[Requirement] The reply should hold only the lines from the one with "niños interracial abrazando" to the one with "Detailed view of", both ends kept, exactly as they appear below, without any pictures.

[Records for the exercise]

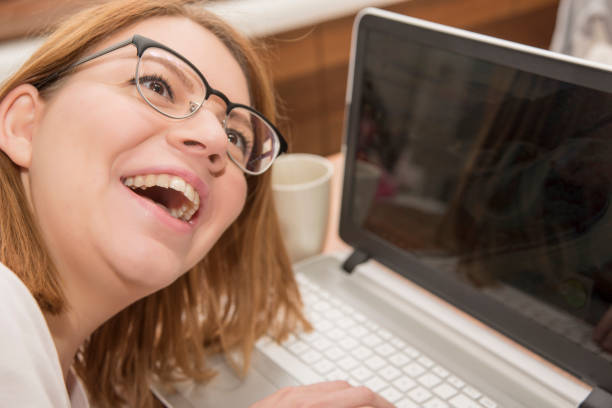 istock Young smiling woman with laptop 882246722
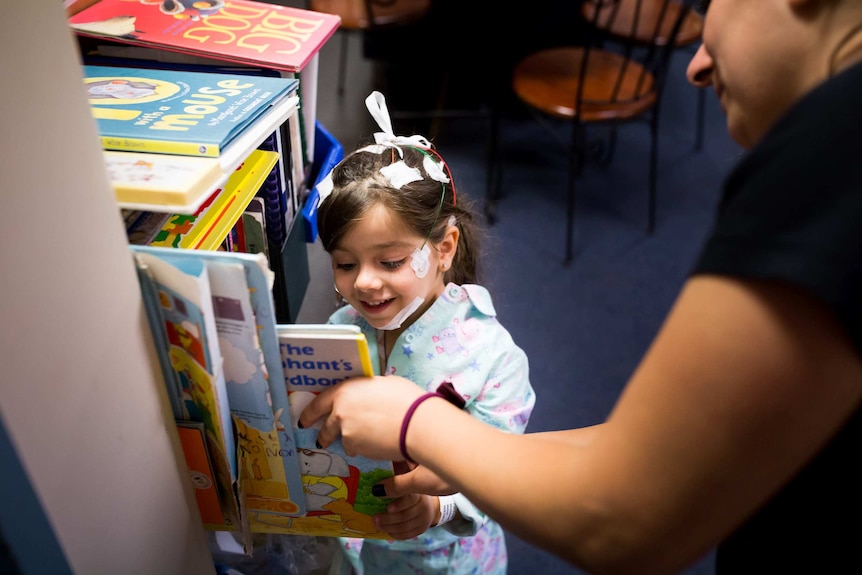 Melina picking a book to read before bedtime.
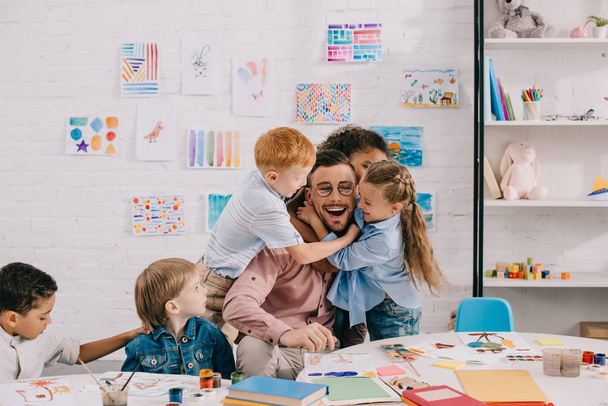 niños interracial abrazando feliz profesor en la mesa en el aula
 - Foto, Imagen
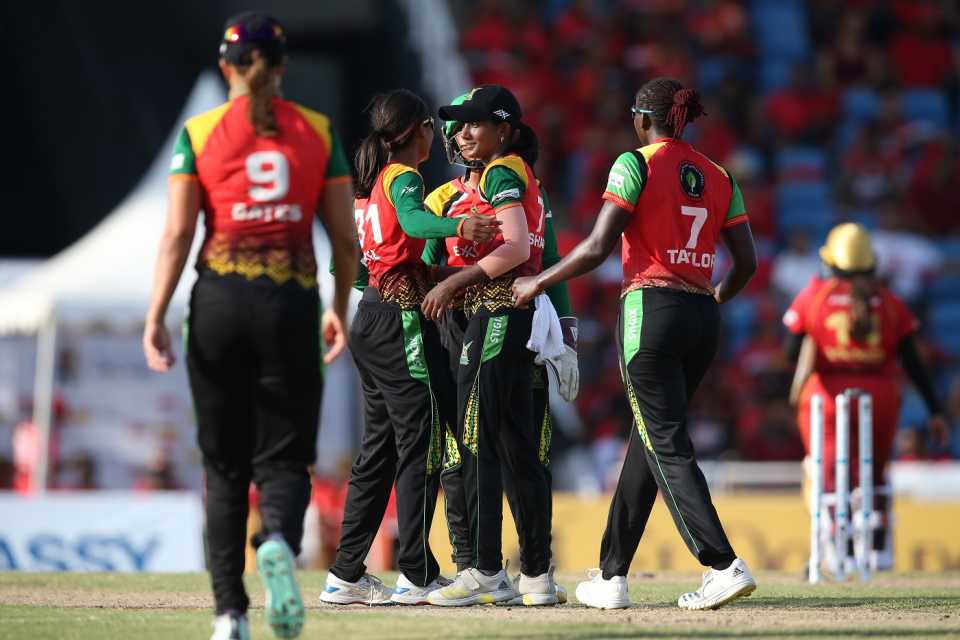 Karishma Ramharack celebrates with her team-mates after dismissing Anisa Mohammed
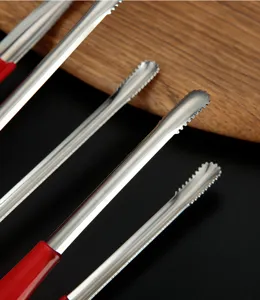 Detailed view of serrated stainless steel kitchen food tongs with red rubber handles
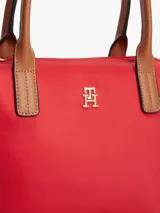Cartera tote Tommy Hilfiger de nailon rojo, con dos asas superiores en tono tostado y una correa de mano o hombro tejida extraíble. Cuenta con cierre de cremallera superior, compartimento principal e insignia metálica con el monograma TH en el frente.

* * *

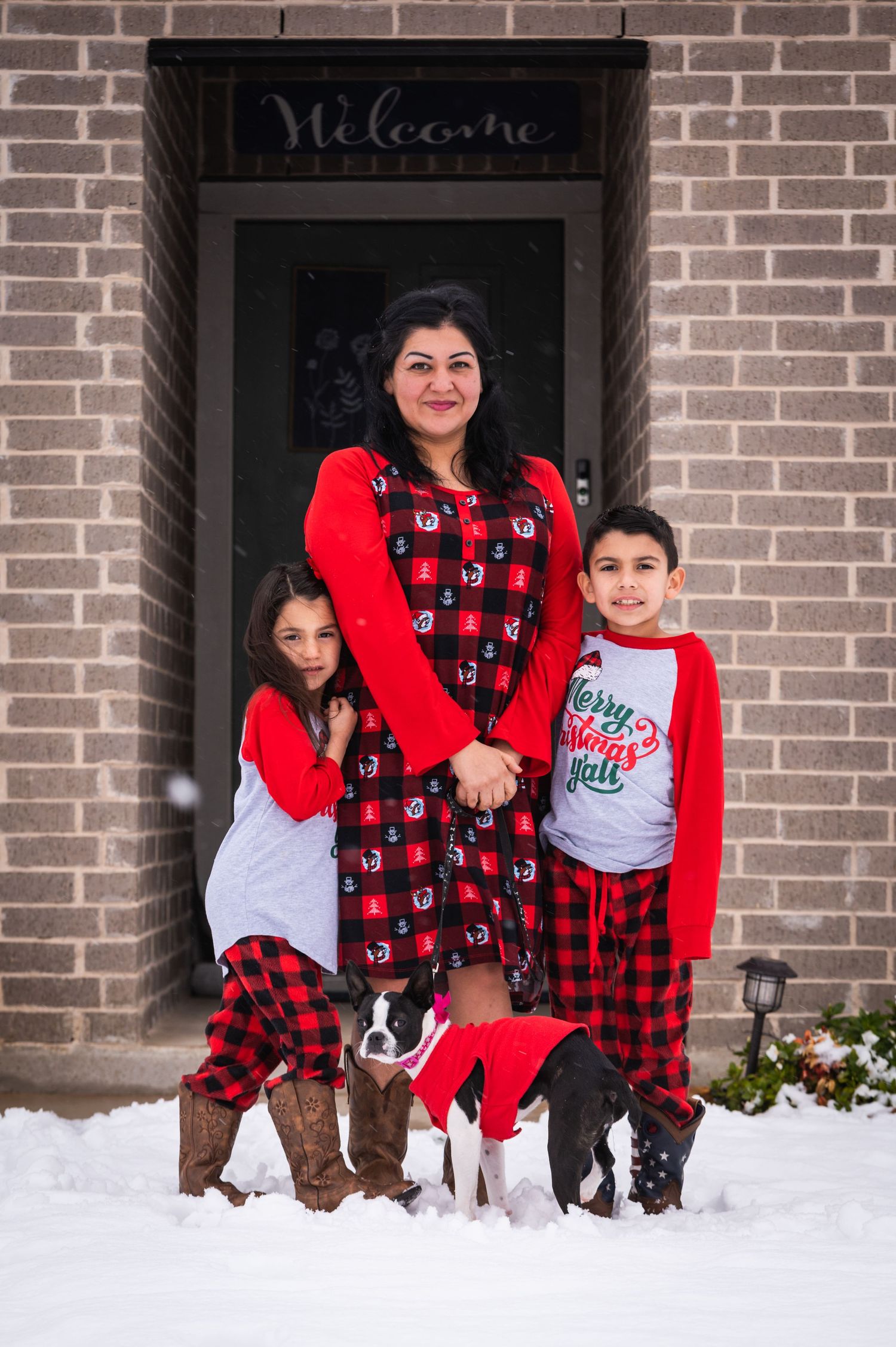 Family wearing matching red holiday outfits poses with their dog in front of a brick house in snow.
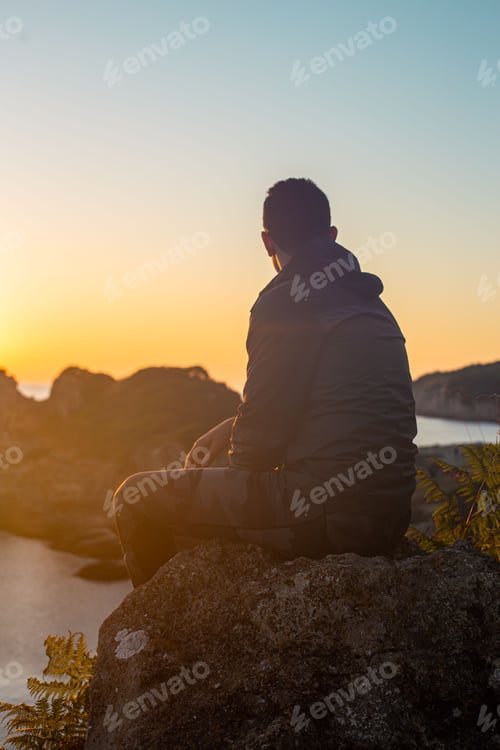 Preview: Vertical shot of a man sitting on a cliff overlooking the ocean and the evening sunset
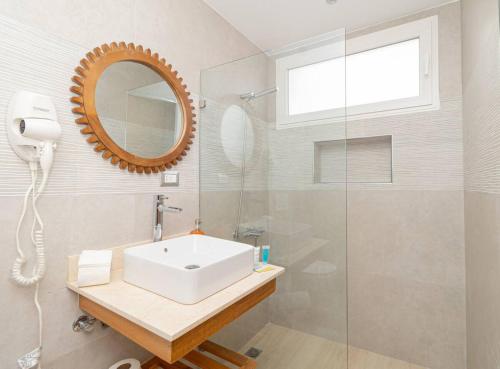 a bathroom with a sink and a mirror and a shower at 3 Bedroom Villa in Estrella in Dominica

[Written response]
 niños interracial abrazando feliz profesor en la mesa en el aula
 - Foto, Imagen
 Karishma Ramharack celebrates with her team-mates after dismissing Anisa Mohammed
 Detailed view of serrated stainless steel kitchen food tongs with red rubber handles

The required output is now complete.